# Product management arithmetic

Why weighted prioritisation scores don’t add up
*2023-01-31 #product #prioritisation*

Product managers don’t typically spend much time doing sums, and leave formulas to the finance team. But prioritisation frameworks sometimes tempt product managers to wield calculations, in search of numbers and other answers.

## Weighted scoring

The RICE score combines four factors for evaluating product opportunities:

score = (reach × impact × confidence) ÷ effort

In theory, you know all four factors on the right, and use them to calculate a single score. In practice, you don’t have good data and instead make assumptions (on top of the assumption that you measure all four factors on the same scale).

## Made-up numbers

In Product Roadmap Best Practice – 6 things to avoid!,
Janna Bastow warns against *prioritizing at the idea level*, and about the result of those assumptions:

When you center your own ideas and then prioritize them, you’re basically taking an assumption and multiplying it by another assumption!

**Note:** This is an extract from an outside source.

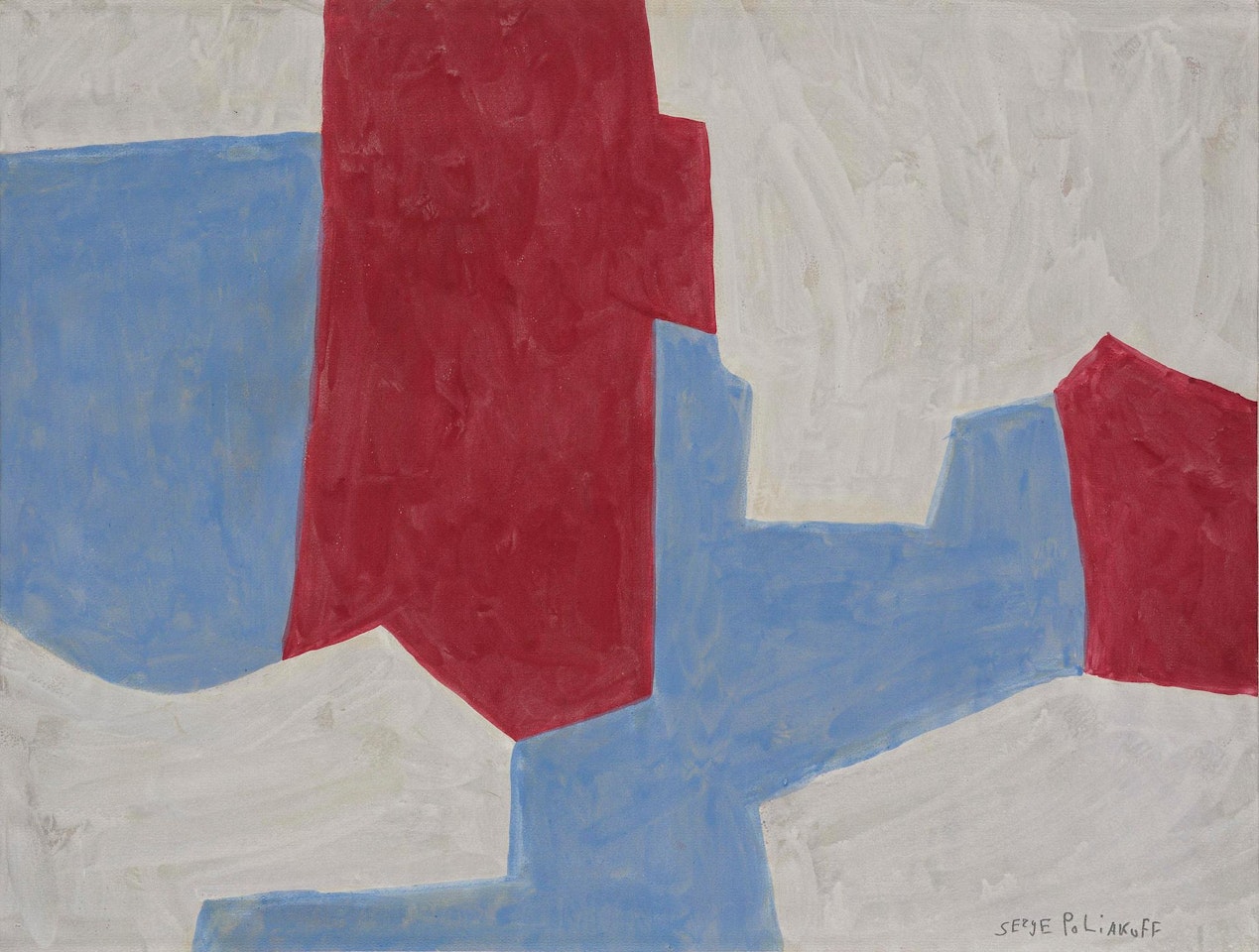 Untitled by Serge Poliakoff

*Making assumptions* sounds a lot like *making things up*,
and if you made up one or more of *reach, impact, confidence* and *effort*,
RICE gives you a made-up prioritisation score.
One number looks much like another, but provenance matters.

## Discovering effort

*Effort* causes especial problems, in software development, because you generally can’t know how much of it you will need.
And while you might *estimate* or (better) *forecast* effort, that costs yet more effort that further complicates the calculation.

The more accurately you want to predict effort, the more effort the prediction costs, all the way to the limit where the cheapest way to find out involves doing the actual work, and finding out the hard way. Doing rather than estimating the work - a product management power move - gets in the way of using a prioritisation framework to decide what to work on.

## Numeric precision

We make assumptions and estimate (guess) numbers all the time in business.
Scientists, on the other hand, call that *fabricating data* and don’t approve.
Scientists also pay attention to technical details, such as numeric precision.

By multiplying factors, RICE multiplies uncertainty, so even if you could reasonably call prioritisation a science, a RICE score still only has the same precision as the least precise factor.
No-one ever said, ‘I have estimated *reach* to three significant figures’.
In software product development, you might as well limit precision to t-shirt sizes.

## T-shirt size arithmetic

T-shirt sizes keep estimates honest, avoiding the appearance of precision you don’t have.
Instead of numbers, use *small*, *medium* and *large* (S, M, L).
It even looks like you could do arithmetic by multiplying these values in the RICE formula.
But if you write out the multiplication table, you discover a problem.

× | S | M | L |
---|---|---|---|

S |
S | S | ? |

M |
S | M | L |

L |
? | L | L |

What RICE prioritisation do you get from a large reach and a small impact? You can think of medium (M) as neutral - multiplying by it doesn’t change the score:

S × M = S

L × M = L

However, combining a large factor with a small one (S × L) gives an unknown result. When you multiply a large number by a small fraction, do you get a large number or a small one? It depends. Numeric calculations may reassure stakeholders, but using dodgy arithmetic to justify product decisions should terrify product managers.